The film follows two intellectual high school seniors Molly (Beanie Feldstein) and Amy (Kaitlyn Dever) as they face their final school day. Molly has a plan: she wants Amy to party with her before graduation and she will not take no for an answer.

Amy reluctantly consents. The inseparable friends go on a quixotic quest for the perfect party in the hopes of experiencing all of the taboo things that they both missed out on as exemplary students. What follows is a picaresque journey that never stops. Each character is as quirky and colorful as the preceding one.

Molly and Amy have known each other since they were kids and both Feldstein and Dever have a magnetic chemistry that borders on the poignant. One believes them wholeheartedly and the pairing is perfect.

Though the plot is most definitely in the style of “Superbad” or the aforementioned Ferris Bueller, the spirit and emotion is unique to Wilde who gives these rounded characters substance and the freedom to become unfailingly empathetic, without artifice.

The scene depicting Molly and Amy talking alone about a cherished stuffed panda (frequently used for a secret purpose) is as funny as anything by Hughes or Apatow, only more so because it is understated, not played for heavy laughs. Many characters have the flavor of an 80s comedy from the overbearing and insecure Jared (Skyler Gisondo) to the obsequious and overly flattering Principal Brown (Jason Sudeikis). Such types will be familiar to any 80s movie fan, yet it is the heart and the quirk that sets this film somewhat apart, but also in good company with that nostalgic history. Add to the mix Will Forte and Lisa Kudrow as Molly’s eager to please yet overly hesitant parents and you have a hit.

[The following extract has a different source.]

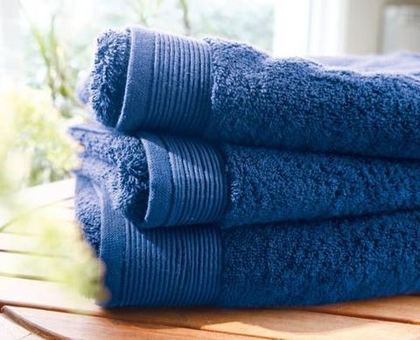Полотенце UNI BLEU ROYAL Blanc des Vosges 70x140 Синий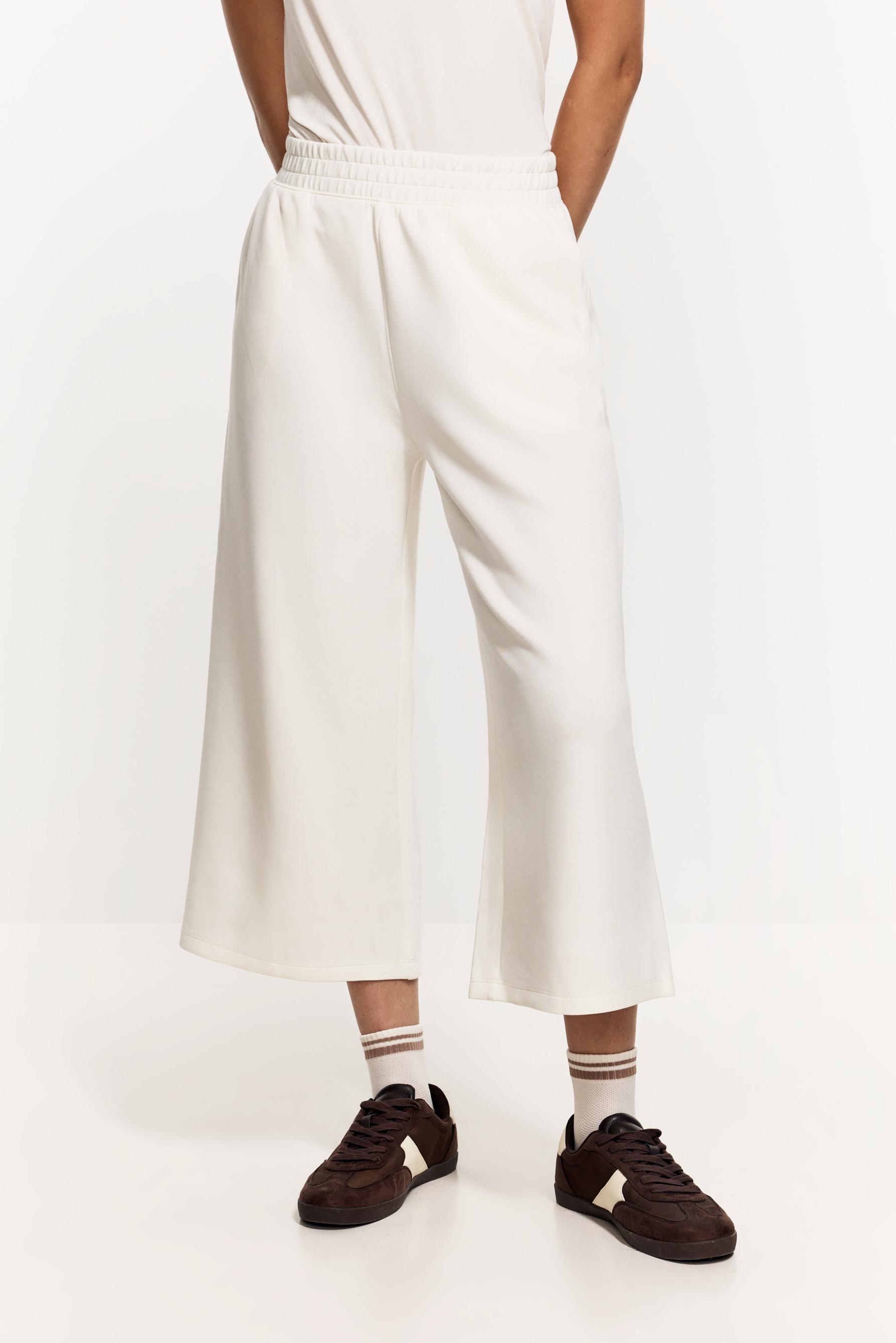 Modal-effect sports culottes — OFF WHITE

Yes, there are the usual plot points here: frenzied car rides, eccentric teens and adults who don’t want to be labeled bores, but everything that happens unfolds with such natural ease that all events feel as they should, spontaneous heartfelt surprises that are seen for the first time.

Feldstein and Dever are flawless precisely because unlike figures in an Apatow comedy, not one thing about Molly or Amy is thrown for cheap chortles or overt ridicule. They are absolutely human.

Like all lasting comedy, the humor is organic, originating from within.

Above all, this vivacious and carbonated film is about friendship. Here are two young women without demeaning pratfalls, sophomoric gross-outs, imbecilic interludes or elementary silliness. The narrative is vivid, lasting and profoundly uncynical.

Wilde teases the expectation of the usual gross-out scenes throughout the film, yet by stripping such “bathroom humor” of its base nature, Director Wilde turns these moments into pathos and makes something new. Far richer and more thoughtful than “Bridesmaids” or “The Hangover” franchise, “Booksmart” is refreshingly simple, warm-hearted and wonderful.